In truth, there were even earlier signs that this wasn't going to be a familiar day of Test cricket. Familiar as we've come to know and expect, at least in these parts. When Ben Stokes won the toss on a surface the colour of pressed cream biscuit under a flawless London sky, he chose to bat first, for only the second time in a home Test since 2022. England don't often get five consecutive days forecast in the 30-degree range, after all. But everything seemed set up for Bazball to dance. Except, India decided to take the music out of it.

"Welcome to boring cricket, guys," Shubman Gill's voice floated through the stump mic, half-mocking, half-manifesting. It came during the early lull after Lunch, when England, so often the architects of tempo, went 28 balls without scoring a single run. Bumrah and Mohammed Siraj had begun that session with a kind of quiet focus, each bowling almost exclusively to one batter: Bumrah to Ollie Pope, Siraj to Joe Root, with no releases offered. Just the long, slow squeeze.

What followed was an unusual session of play. India took no wickets, yet a pair of well-set, dominant batters like Root and Pope managed only 70 runs between them. Even after Bumrah and Siraj were done with their spells, India were committed to their plan: turning the day deliberately old-fashioned, designing it, ball by ball, as an act of anti-Bazball. And, tellingly, England's batters chose not to turn it into an ego contest. They waited too.

Traditionally, Test cricket in England is an off-side sport. Fast bowlers drag batters across their stumps, sending strings of deliveries just outside off, slips and gully poised, all building towards a surprise straight one. At Edgbaston just four days ago, India had flipped that script, bowling straighter, hitting the stumps more often, packing the leg-side with two catching mid-wickets. It was what was needed. It worked.

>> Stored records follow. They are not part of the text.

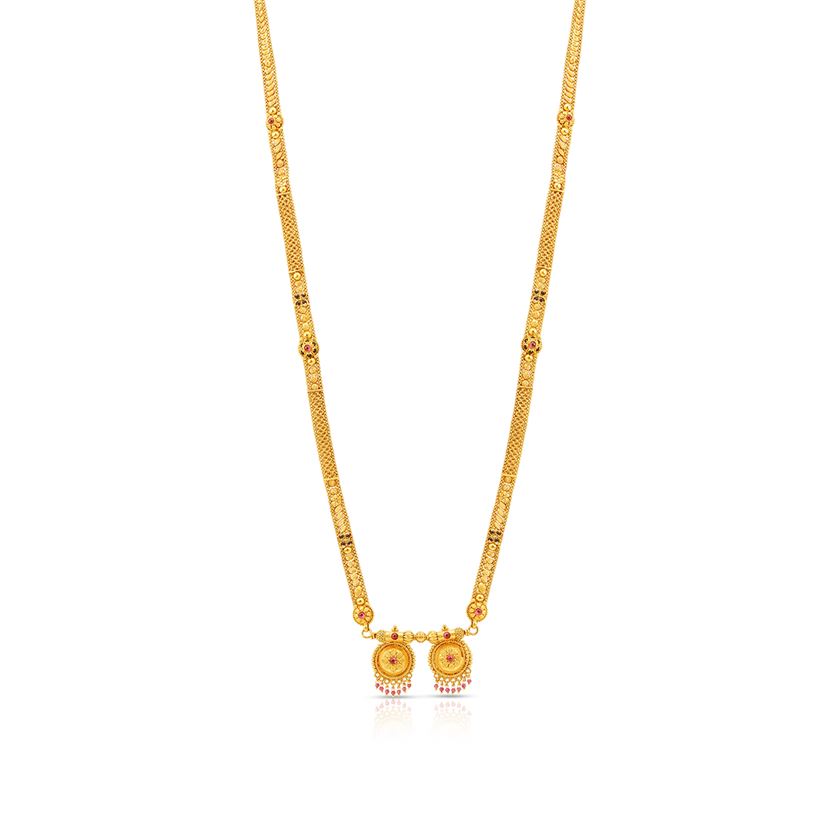 Gold Mangalsutra For Women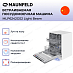 Купить Встраиваемая посудомоечная машина Maunfeld MLP6242G02 Light Beam preview 3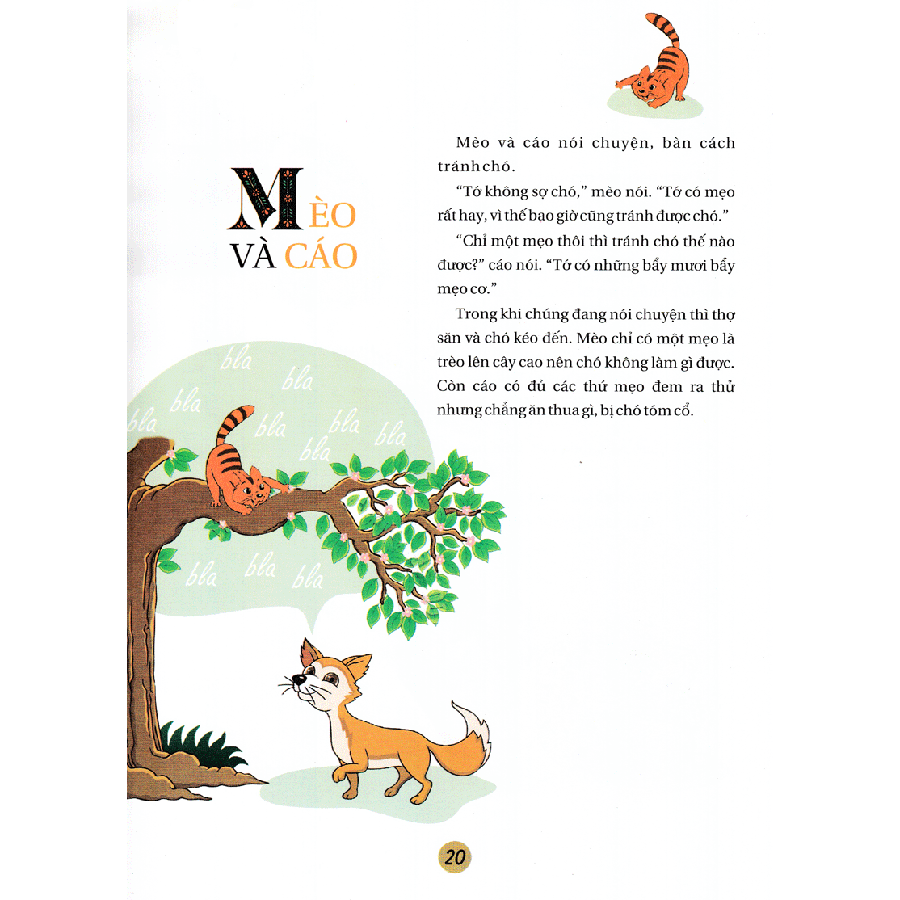 Truyện - Thơ Ngụ Ngôn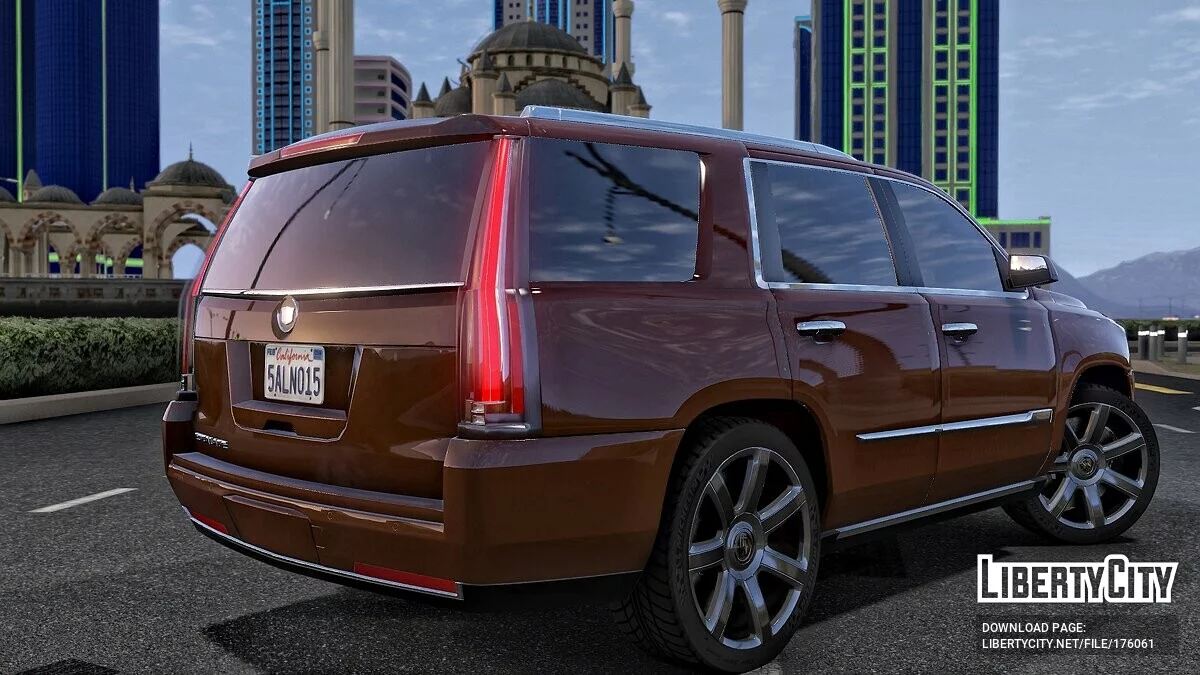 Cadillac Escalade 2015 / GTA 5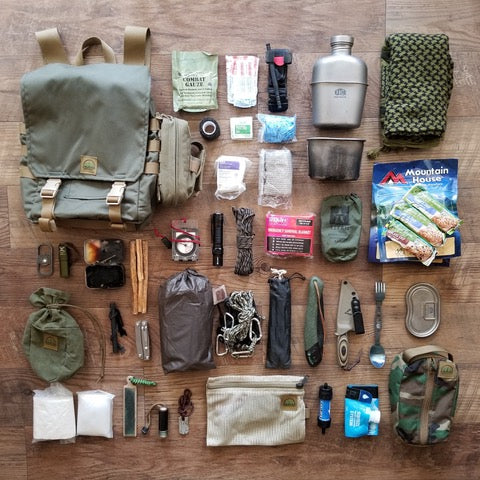 backpacking gear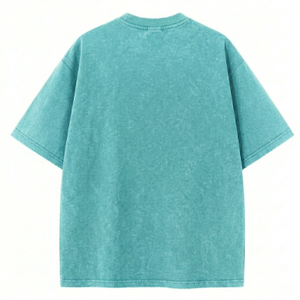 Camiseta de Manga Corta para Hombre, Corte Regular, Formal, 100% Algodón Tejido, con Logotipo y Diseño Personalizados, Venta Caliente 2026, OEM - Product Image 3
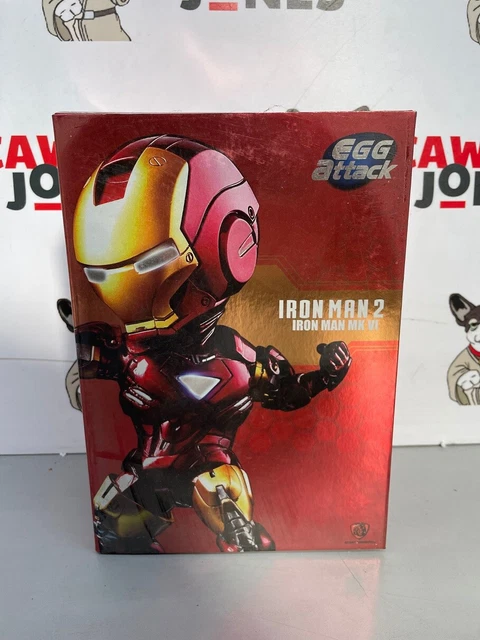 MARVEL EGG ATTACK Figurine Action Iron Man Mark-1 Beast Kingdom EUR 104,99 - FR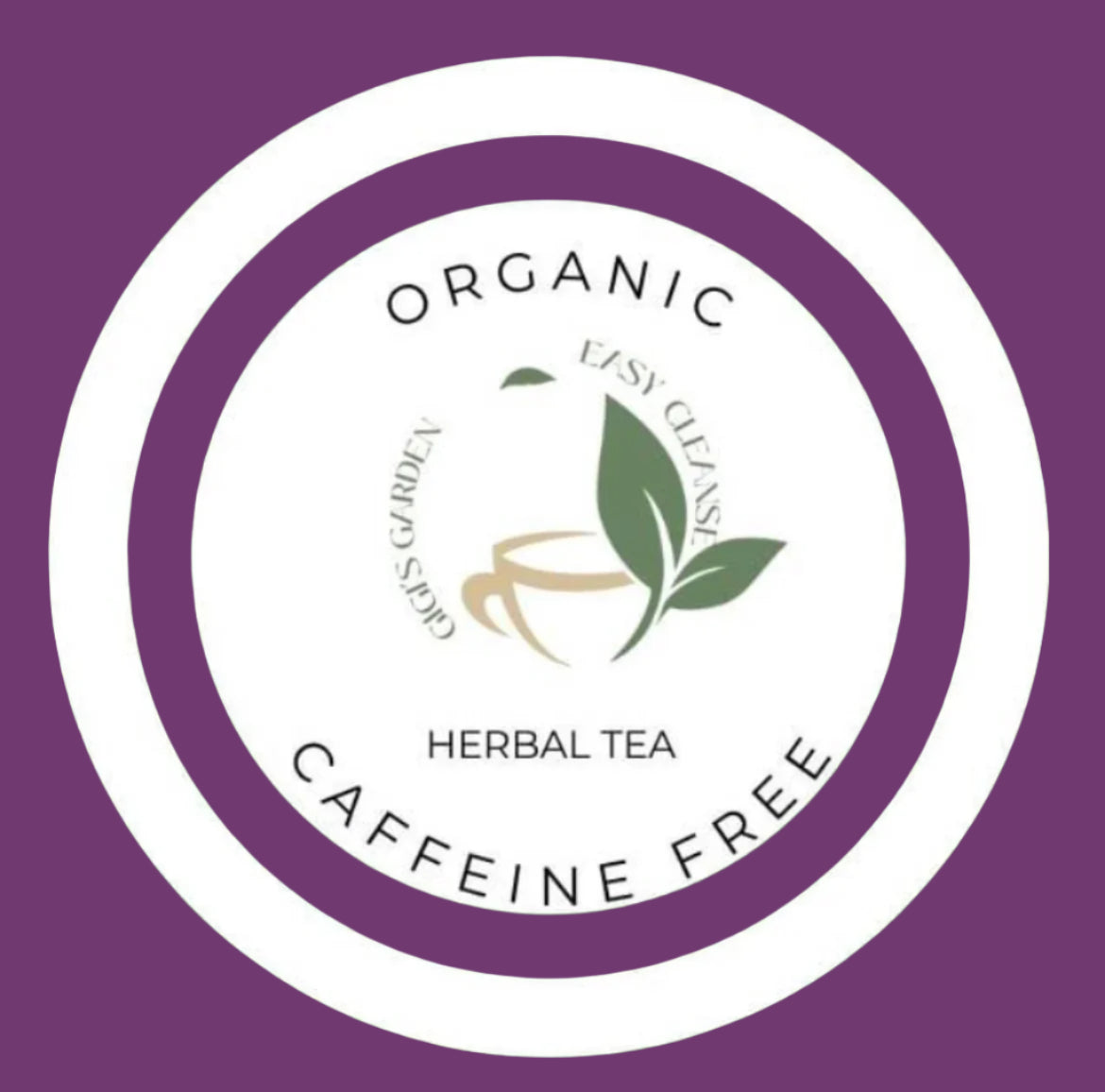 GiGi's Garden Easy Cleanse Herbal Blend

The ball did swing more at Lord's in the first 40 overs than it had in Leeds or Birmingham, but with the pitch slow and the bounce low, England's batters had time to adjust. You might have expected them to break free eventually, especially once the now-familiar complaints about the ball going out of shape began. But that deluge never arrived.

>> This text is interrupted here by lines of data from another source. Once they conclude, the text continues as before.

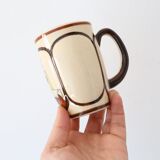 Chope Henriot Quimper, vintage pottery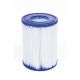BESTWAY Bazen sa metalnim okvirom, merdevinama i filter pumpom 427x250x100cm Power steel - 3945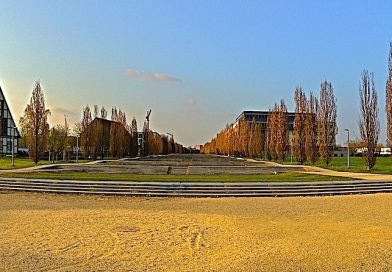 Landschaftstreppe Ostfildern Scharnhauser Park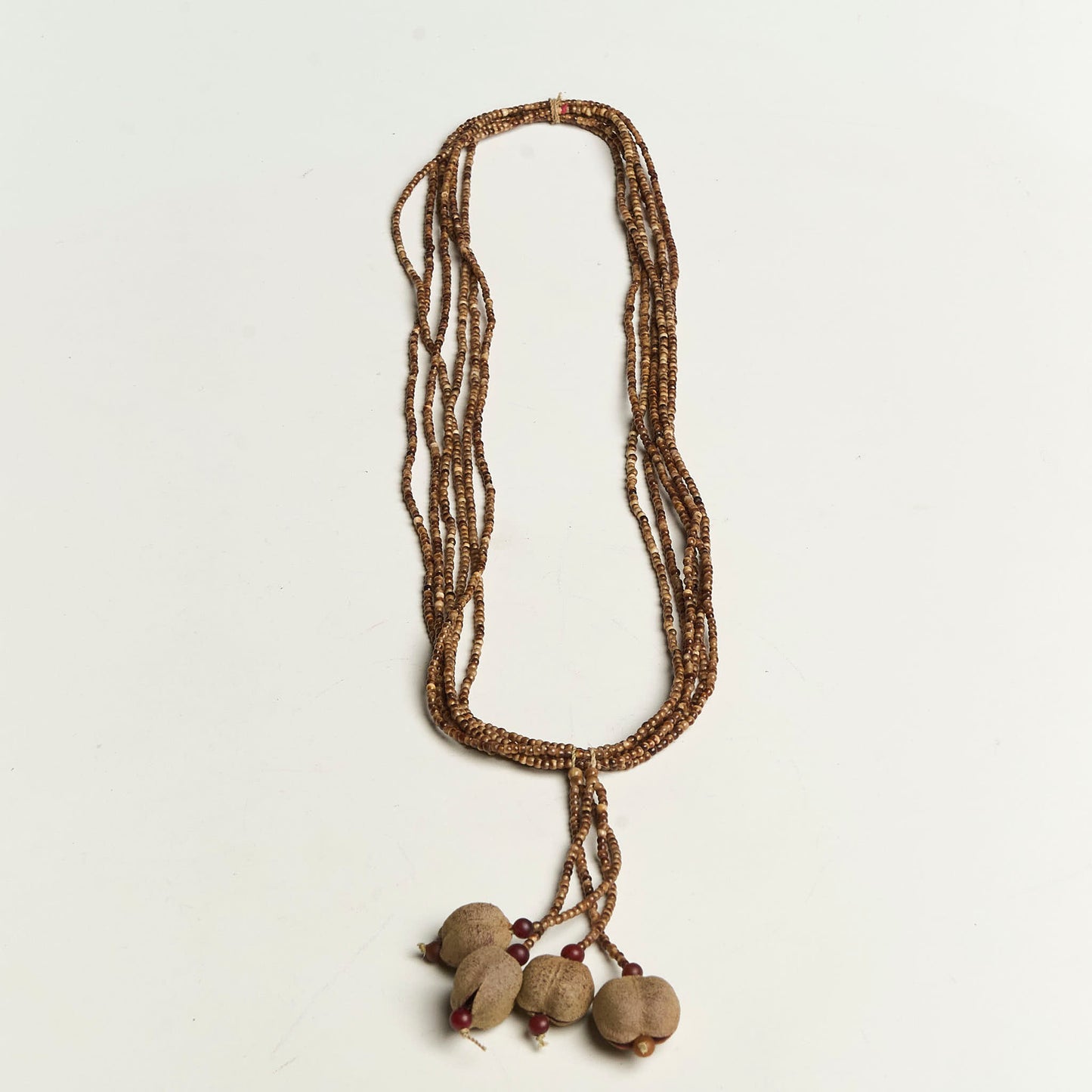 Colar de Sementes Povo Indígena Krahô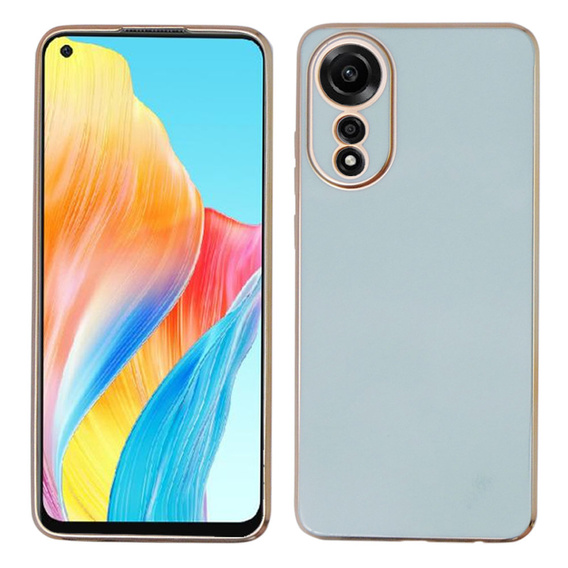 Puzdro pre Oppo A78 4G, Glamour CamShield, mätové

Because, India kept pushing them wider. Shubman Gill had his bowlers settle on sixth-stump lines and gave them a 6-3 off-side field. CricViz marked 25.7% of the balls bowled by India's seamers as being outside the off-stump channel, up from 15.6% at Headingley and 11.8% at Edgbaston. In fact, only 19.8% of deliveries were on the stumps, a drop from 26.5% four days ago.

That it wasn't even more stark is perhaps a mild case of an Edgbaston hangover for Akash Deep and Mohammed Siraj, who bowled much straighter lines especially from the Pavilion End. Occasionally, the slope caused the ball to drift down the batters' pads, offering easier scoring opportunities. In fact, at 24.7%, Akash had the highest percentage of balls hitting the stumps among India's seamers and also conceded runs at the highest economy rate, perhaps a reflection that Lord's demanded some slight calibration.

But still India had England muzzled with their disciplines. Even Nitish Reddy, playing just his second Test in England and finishing with two of England's four wickets to fall, didn't chase a highlight moment. He found swing but traded the idea of a magic ball for patience. And it was just what was needed here. At Edgbaston, India could push with a short-ball ploy against Jamie Smith and afford to leak runs because they were in the lead by over 500 runs there and could trade a few for a wicket. But on this opening day at Lord's, against a batting line-up capable of swift dominance, they needed the discipline their bowling coach Morne Morkel had preached: patience, sticking to the plan, and playing the waiting game.

Interestingly enough, England respected India's discipline and matched that restraint, thereby crafting a rare, deliberate tempo. The result was a unique day, India taking just four wickets but holding England to their second-lowest scoring rate in a day's play of the Bazball era, while the hosts eschewed any display of overt flair, choosing instead to lay the bricks for the battles still to come.